10 practical tips to reduce Data Mesh's adoption roadblocks
Data Mesh is completely changing the perspective on how we look at data inside a company. Read what is Data Mesh and how it works.
Data Mesh is completely changing the perspective on how we look at data inside a company. Read what is Data Mesh and how it works.
Raise a hand who saw, was asked to design, tried to implement, struggled with the “Customer 360” view/concept in the last 5+ years…
Come on, don’t be shy …
How many Customer 360 stories did you see succeeding? Me? Just … a few, let’s say. This made me ask: why? Why put so much effort into creating a monolithic 360 view thus creating a new maintenance-evolution-ownership nightmare silo? Some answers might fit here, in the context of centralized architectures, but recently a new antagonist to fight against came in town: Data Mesh.
“Oh no, another article about the Data Mesh pillars!”
No, I’m not gonna spam the web with yet-another-article about the Data Mesh principles and pillars, there’s plenty out there, like this, this, or those, and if you got here is because you might already know what we’re talking about.
The question that arises is:
How does the (so struggling or never really achieved) Customer 360 view fit into the Data Mesh paradigm?
Well, in this article I’ll try to come up with some options, coming from some real AgileLab’s customers approaching the “Data Mesh journey”.
The Data Mesh pillar I want to focus on is Domain-oriented Distributed Data decomposition and ownership.
This fascinating principle, inherited (in terms of effectiveness) from the microservices world, brings to light the necessity to keep together tech and business knowledge, within specific bounded contexts, so as to improve autonomy and velocity of data products lifecycle along with a smoother change management. Quoting Zhamak Dehghani:
Eric Evans’s book Domain-Driven Design has deeply influenced modern architectural thinking, and consequently the organizational modeling. It has influenced the microservices architecture by decomposing the systems into distributed services built around business domain capabilities. It has fundamentally changed how the teams form, so that a team can independently and autonomously own a domain capability.

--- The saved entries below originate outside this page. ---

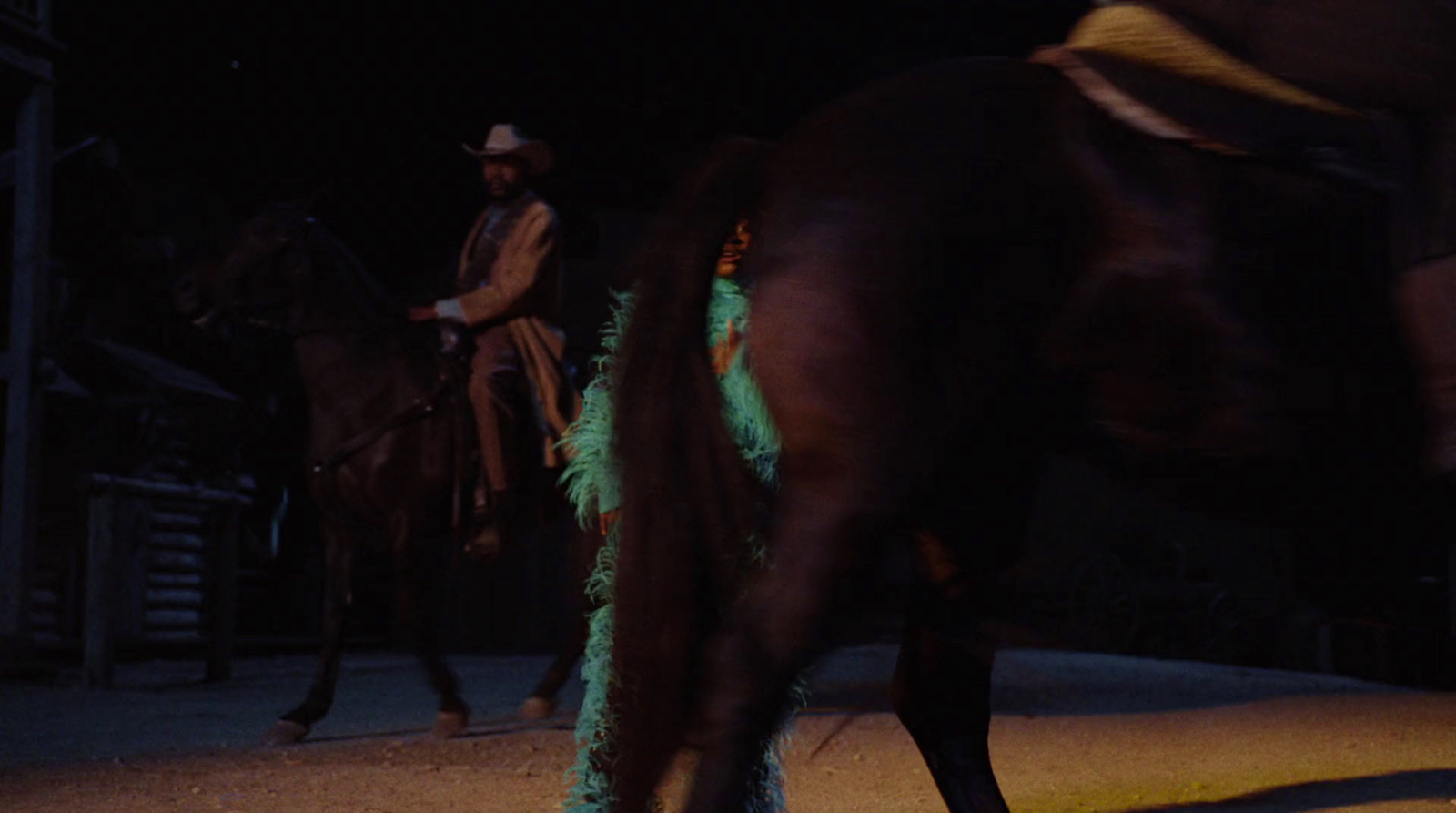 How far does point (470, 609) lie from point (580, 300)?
11.5 ft

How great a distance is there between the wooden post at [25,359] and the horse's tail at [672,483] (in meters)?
7.90

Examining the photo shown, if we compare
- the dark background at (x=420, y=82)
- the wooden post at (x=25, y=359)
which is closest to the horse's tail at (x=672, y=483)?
the wooden post at (x=25, y=359)

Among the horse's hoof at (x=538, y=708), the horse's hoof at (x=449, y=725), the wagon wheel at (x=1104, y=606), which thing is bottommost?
the wagon wheel at (x=1104, y=606)

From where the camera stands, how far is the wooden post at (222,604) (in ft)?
31.0

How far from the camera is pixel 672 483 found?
2.50 metres

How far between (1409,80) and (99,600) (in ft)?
26.2

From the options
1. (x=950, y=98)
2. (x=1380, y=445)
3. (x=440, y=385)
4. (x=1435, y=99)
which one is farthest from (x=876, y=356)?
(x=440, y=385)

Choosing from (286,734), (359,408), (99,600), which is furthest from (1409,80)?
(99,600)

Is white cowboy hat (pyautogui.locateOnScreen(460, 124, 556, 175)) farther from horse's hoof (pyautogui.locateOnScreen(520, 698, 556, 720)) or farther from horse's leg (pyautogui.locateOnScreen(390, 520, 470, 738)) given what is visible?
horse's hoof (pyautogui.locateOnScreen(520, 698, 556, 720))

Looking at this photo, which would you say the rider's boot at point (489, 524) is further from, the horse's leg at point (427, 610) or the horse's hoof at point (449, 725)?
the horse's hoof at point (449, 725)

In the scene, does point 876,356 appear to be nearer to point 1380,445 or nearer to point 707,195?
point 707,195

Examples of well-known domains are Marketing, Sales, Accounting, Product X, or Sub-company Y (with subdomains, probably). All of these domains have probably something in common, right? And here we connect with the prologue: the customer. We all agree on the importance of this view, but eventually do we really need this to be materialized as a monolithic entity of some sort, on a centralized system?
I won’t answer this question, but I’ll make another one:
Which domain would a customer 360 view be part of?
Remember: decentralization and domain-driven design imply having clear ownership which, in the Data Mesh context, means:
If you can’t now answer the above question DON’T WORRY: you’re not alone! It just means you’re starting as well to feel the friction between the decentralized ownership model and the centralized customer 360 view.
IMHO, they are irreconcilable. Here’s why, with respect to the previous points:
OK, I’m done with the bad news Let’s start with the good ones!
As long as it remains a holistic logical/business concept. Decentralized domains should own the data related to their bounded contexts, even if referring to the customer. Domains should own a slice of the 360 view and slices should be correlated together to create valuable-on-their-own Data Products (e.g. just a join between sales and clickstreams doesn’t provide any added value, but a behavioral pattern on the website with the number of purchases per customer with specific browsing-behaviors do).
In order to achieve that, domains and - more in general - data consumers must be capable of correlating customer-related data across different domains with ease. They must be facilitated on the joining logic level, which means they should NOT be required to know the mapping between domain-specific keys, surrogate keys, and customer-related keys. I’ll try to expand this last element.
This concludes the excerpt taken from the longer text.